THE TASK: The records must be duplicated exactly, with every picture left out.

== Segment start ==

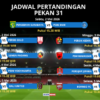 Jadwal Pekan 31 Super League 2025-2026: Penentuan Kandidat Juara dan Tim Degradasi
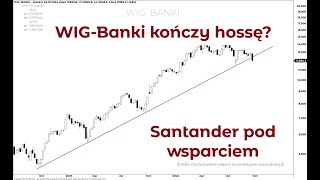 Santander Bank 04102024 r – 100s z Piotrem Neidek [upl. by Leuname74]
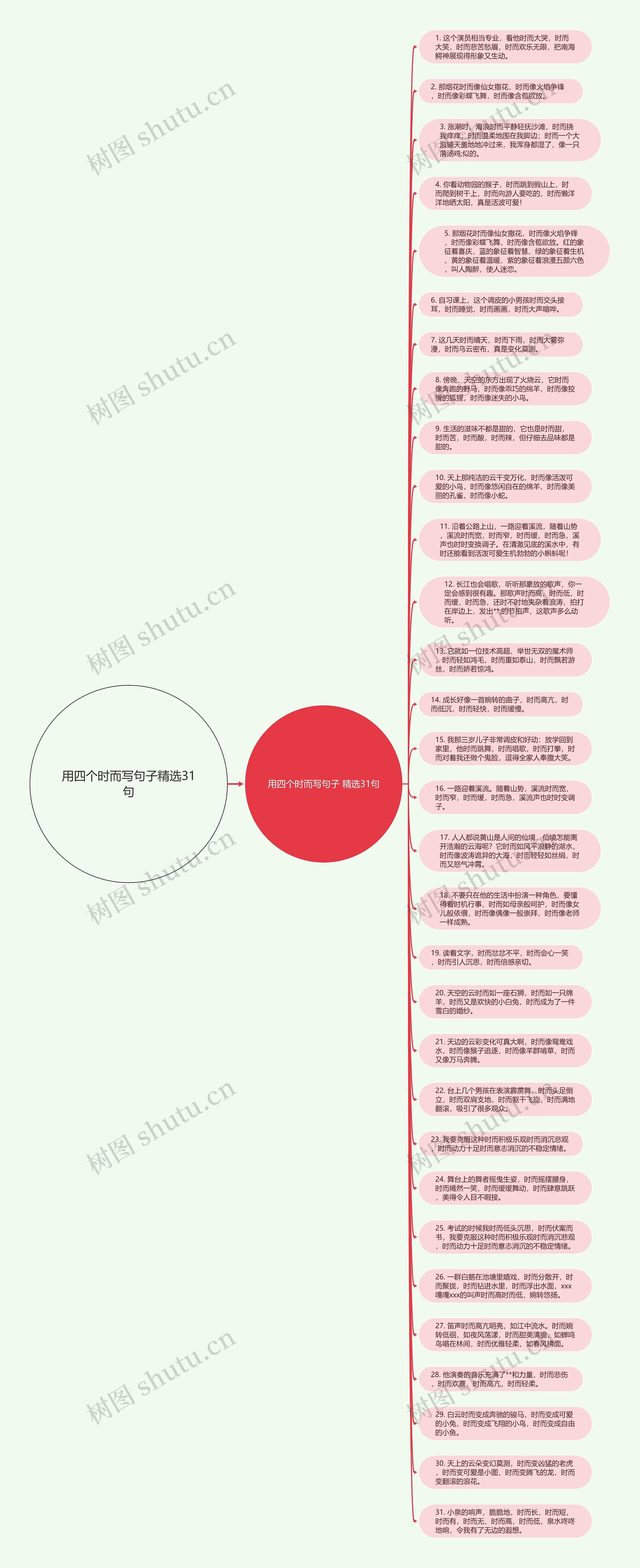 用四个时而写句子精选31句思维导图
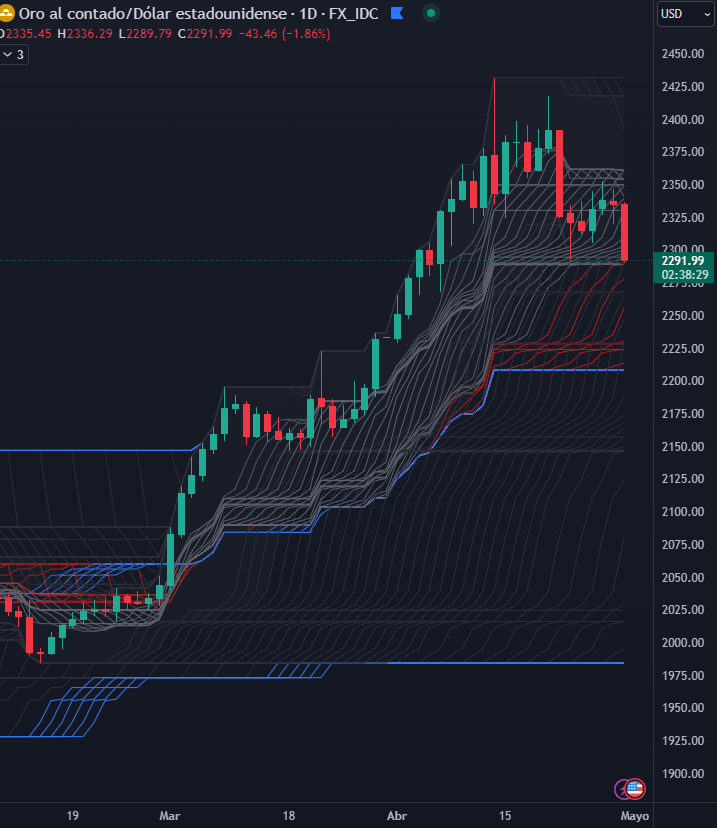 #XAUUSD  #GOLD  #ORO 

SEtup by  #ICEROCK  
TF : D 

#TRMX  #Traders  #Market  #Commodities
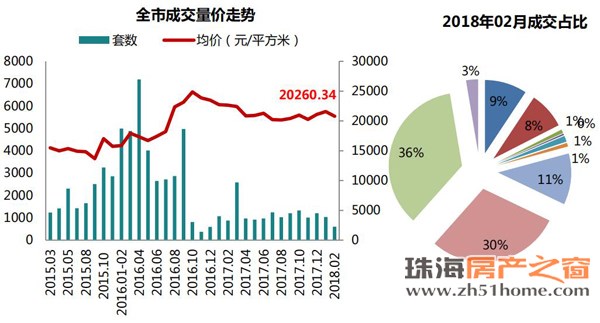 2月珠海楼市\＂三降\＂ 全市商品住宅均价降至20804.19元\/㎡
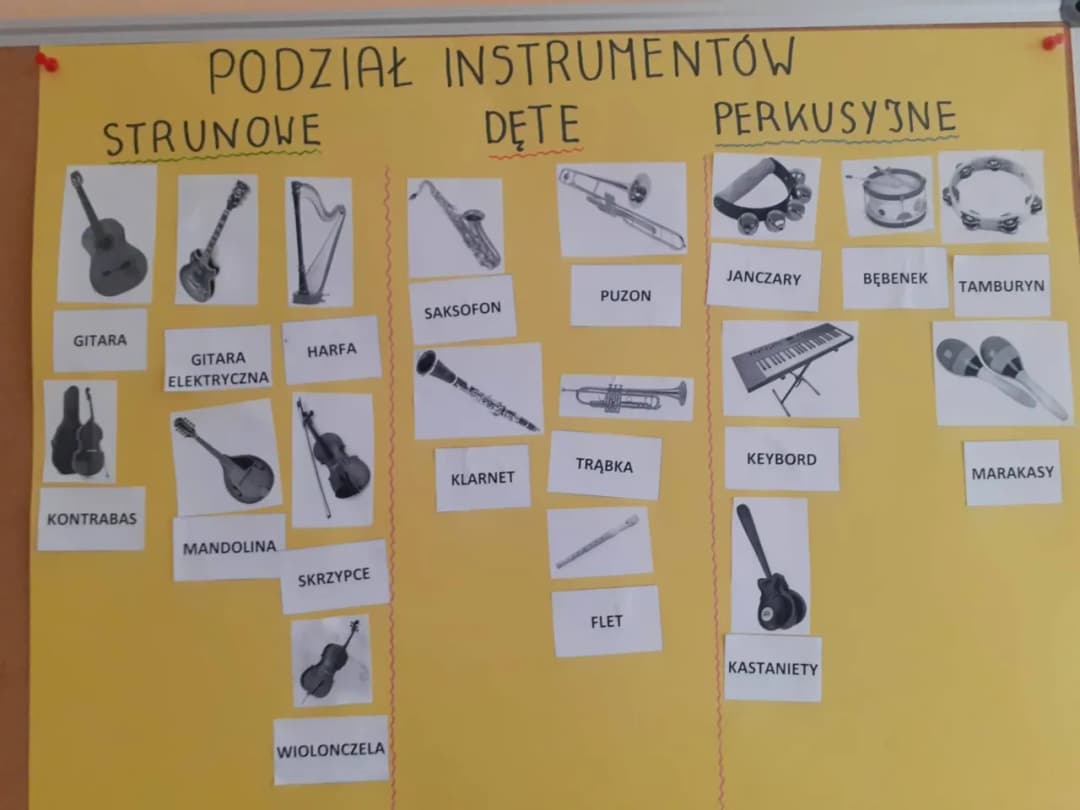 Na jakie grupy dzielą się instrumenty dęte? Odkryj ich różnice!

== Segment end ==

WRITTEN SOLUTION:
 Jadwal Pekan 31 Super League 2025-2026: Penentuan Kandidat Juara dan Tim Degradasi
 Santander Bank 04102024 r – 100s z Piotrem Neidek [upl. by Leuname74]
 用四个时而写句子精选31句思维导图
 #XAUUSD  #GOLD  #ORO 

SEtup by  #ICEROCK  
TF : D 

#TRMX  #Traders  #Market  #Commodities
 2月珠海楼市\＂三降\＂ 全市商品住宅均价降至20804.19元\/㎡
 Na jakie grupy dzielą się instrumenty dęte? Odkryj ich różnice!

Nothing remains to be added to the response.